The Council of Mortgage Lenders has warned that the mortgage market will not return to normal lending levels for the foreseeable future.
It revealed last week that mortgage approvals have dropped by around 50% since 2007. There were 518,800 mortgages approved in 2009, compared with 1.01 million in 2007.
In its latest issue of News & Views the CML says the contraction in mortgage lending since 2007 has been the most severe on record.
In both 2008 and 2009, fewer than 520,000 loans for house purchase were granted – lower than in any year since 1974.
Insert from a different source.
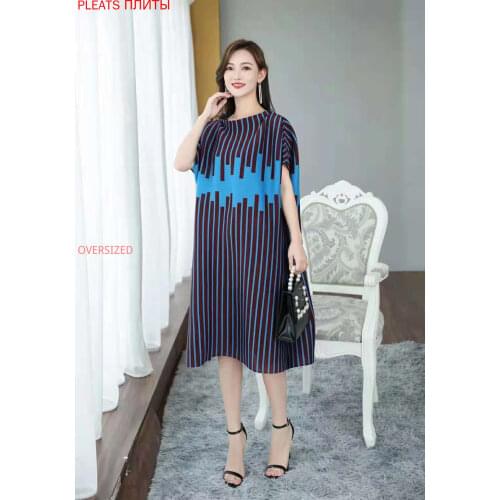 Loose Fashion Miyake Pleated A-line Dress Japanese and Korean Style Large Size Short-sleeved Dress Super Elastic PLEATS Vestido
The trade body adds that based on data to date, it expects to see lending for house purchase in 2010 running at levels similar to those seen in 2008 and 2009.
In 2009, gross lending for house purchase totalled £70bn, 55% below the 2007 figure of £155bn. Over the same period, net mortgage lending fell from £108bn to £12bn.
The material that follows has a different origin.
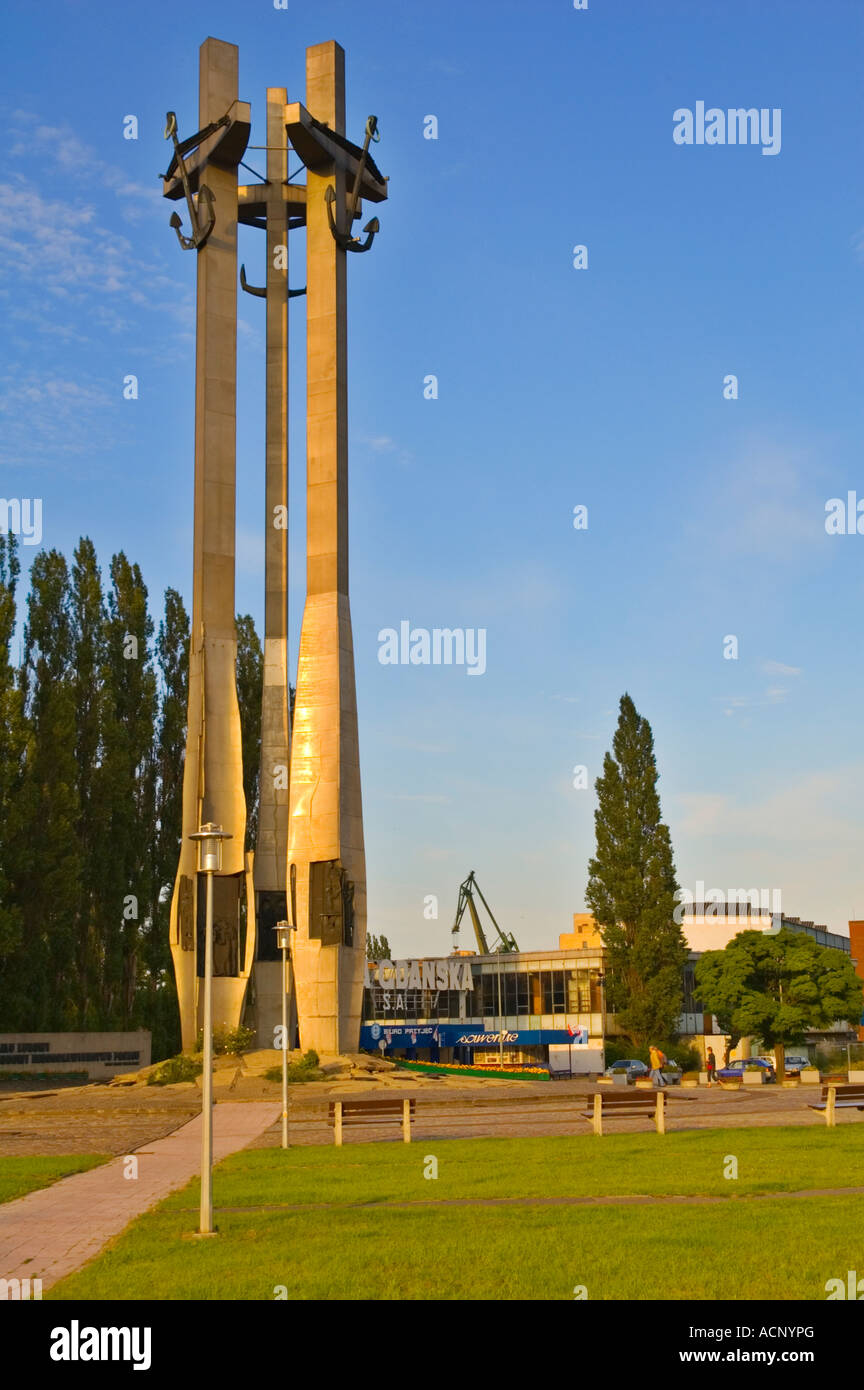 Monumento ai Caduti i lavoratori del cantiere nel centro di Danzica Polonia UE Foto Stock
The CML believes the contraction in lending has been driven by a reduction in the availability of credit, while previous downturns in the 1980s and 1990s were caused by a fall in demand for credit in the face of economic uncertainty and high interest rates.
Meanwhile, the National Association of Estate Agents believes the housing market recovery is being threatened by self-serving and stubborn lenders.
Peter Bolton King, chief executive of the NAEA, says: “The housing market is in a state of fragile recovery. This is threatened by the stubborn refusal of lenders to loosen their self-serving restrictions on lending.”